Maria Graziella Belcastro fu liberata dai Carabinieri dopo 46 giorni di prigionia nelle montagne di San Luca e continuò a svolgere la professione di docente. In un momento cruciale nella lotta contro i sequestri di persona, insieme al marito, espresse il suo perdono per i suoi rapitori, scegliendo di testimoniare la terribile esperienza perché lo Stato riconoscesse ai sequestrati lo status di “vittime della mafia”. Una speranza inascoltata.
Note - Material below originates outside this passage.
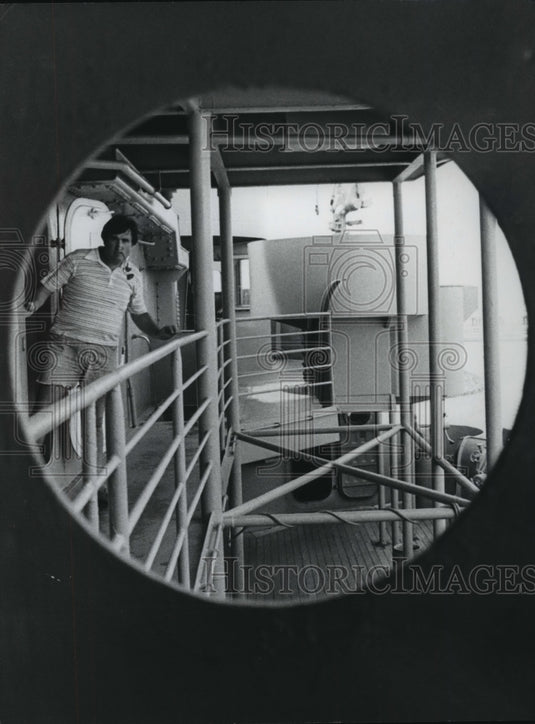 1978 Press Photo View through porthole of man on U. S. Navy battleship, Alabama - Historic Images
Adesso, con cuore grato, rendiamo l’ultimo saluto a Michele Mammola che, segnato dalla violenza mafiosa e dalle angosce custodite nel cuore, si è addormentato in serenità. Ai funerali celebrati a Cinquefrondi, il Generale C.A. Salvatore Luongo, Comandante Generale dell’Arma dei Carabinieri, è stato rappresentato dagli Ufficiali del Comando Provinciale di Reggio Calabria. Il Generale C.A. Salvatore Luongo, già Capitano a Taurianova e cittadino onorario di quel comune, impegnato in prima linea per contrastare il fenomeno dei sequestri di persona e in trincea contro tutte le attività criminali, che negli anni ‘80 furono alla ribalta delle cronache giudiziarie, ha continuato a mantenere rapporti amicali con la famiglia Mammola – Belcastro che, a viso aperto e con coraggio, affrontò i tentacoli velenosi della ‘ndrangheta”.

Così in una nota il capitano Cosimo Sframeli.